_DIRECTIONS:_ Reproduce the listing below word for word, with no pictures.

_COLLECTED MATERIAL:_
· · · · ·

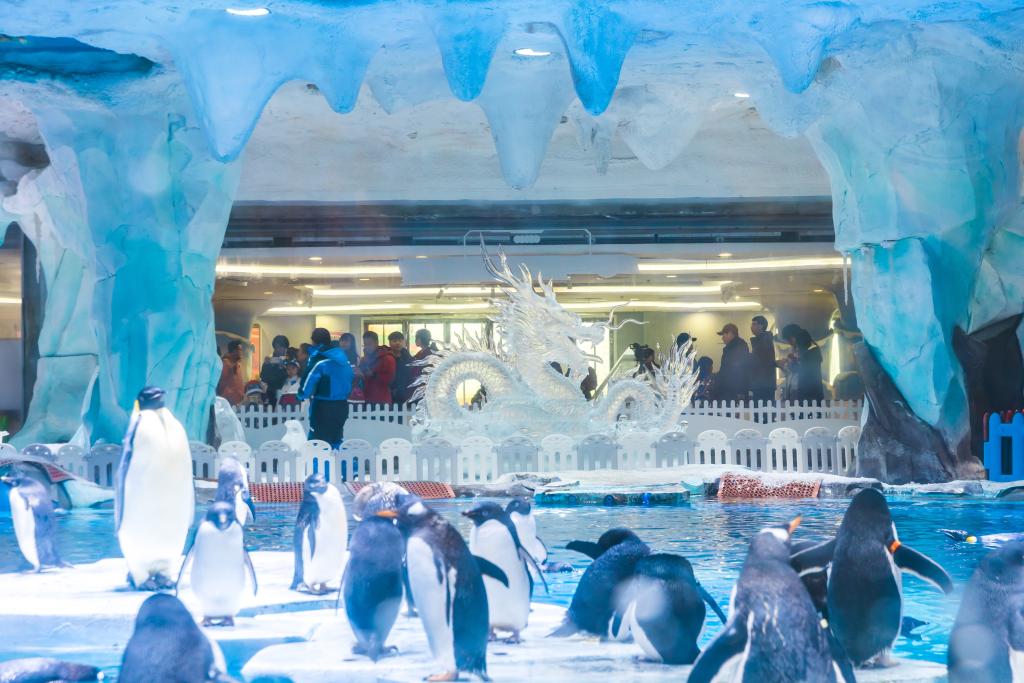 在长沙黄兴南路步行街中心广场,不仅有民乐演奏等传统节目,还有摇滚乐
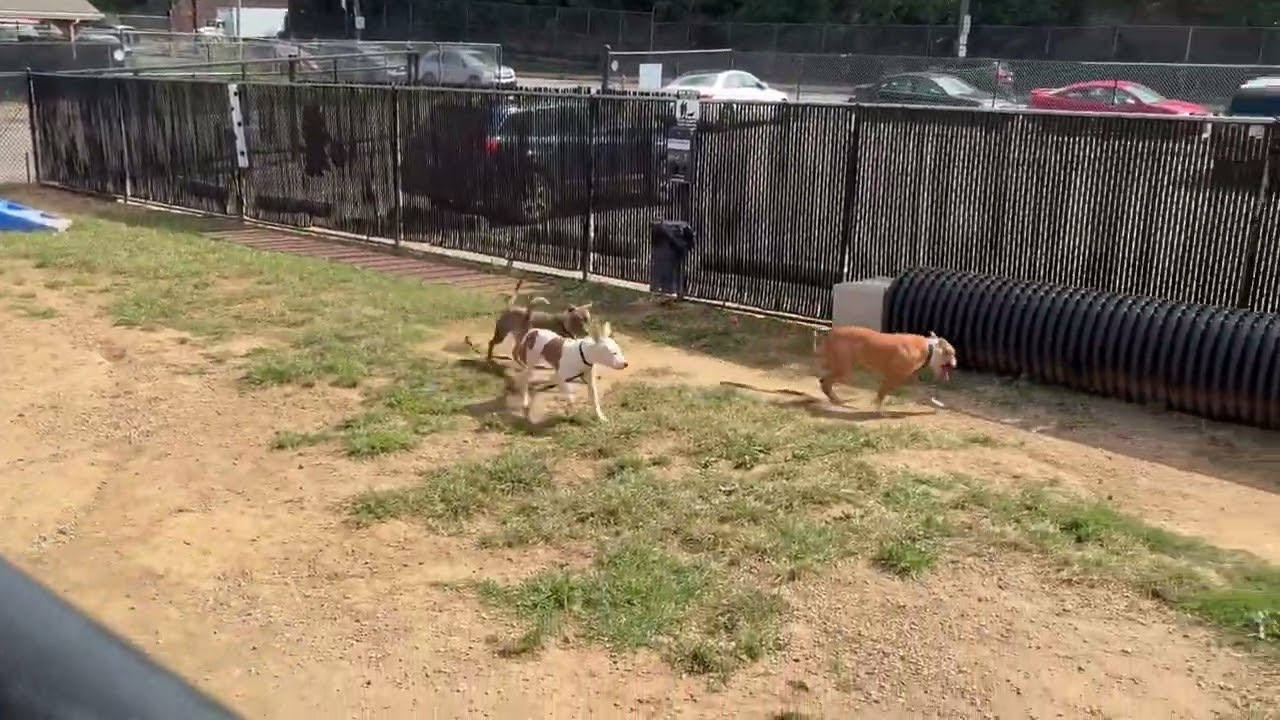 Enlarge Peaches, a Adoptable Mixed Breed in Philadelphia, PA video 6/6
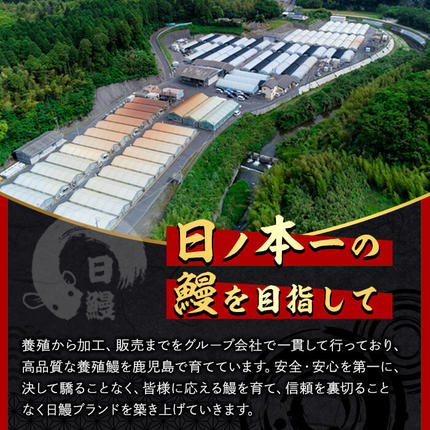 鹿児島県志布志市のふるさと納税 【志布志市制20周年記念】＜期間限定規格＞日ノ本一の鰻の蒲焼き＜大＞1尾(約190g以上) a2-116-sbs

· · · · ·

_RESULT:_
 在长沙黄兴南路步行街中心广场,不仅有民乐演奏等传统节目,还有摇滚乐
 Enlarge Peaches, a Adoptable Mixed Breed in Philadelphia, PA video 6/6
 鹿児島県志布志市のふるさと納税 【志布志市制20周年記念】＜期間限定規格＞日ノ本一の鰻の蒲焼き＜大＞1尾(約190g以上) a2-116-sbs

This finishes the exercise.